Generate entropy for PGP key

Solution 1:

Getting data out of /dev/random or /dev/urandom is definitely not going to help, all it will do is deplete your entropy pool, making the issue even worse. The main difference between these two files is that even when the kernel runs out of entropy urandom will keep generating random data of lesser quality, while random will block until it can gather fresh high-quality random data. PGP requires the highest possible random data to generate secure keys, so it will always use /dev/random.

If you have good random data around, or export some from another server's /dev/random, you can cat it into your server's /dev/random to get more entropy. You should never cat the same file twice into /dev/random though.

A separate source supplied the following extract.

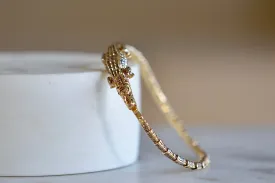 Alligator Bracelet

If you often find yourself running out of entropy you can also consider installing something like haveged, a daemon that re-generate entropy in the background and re-fill /dev/random as needed.

Also it can be tempting to symlink /dev/random to /dev/urandom, but this should be considered a security risk as any key generated using it may be less secure than they should. While it may help for one less critical applications, you have to consider every other possible use of /dev/random, including other users generating their own keys, CSR, etc.

Solution 2:

You can use haveged.

haveged is a daemon that generate entropy when needed.

Solution 3:

I would recommend to generate your gpg keys on your local machine which will have much better randomness than the remote one. And then migrate the keys using SSH to your remote machine.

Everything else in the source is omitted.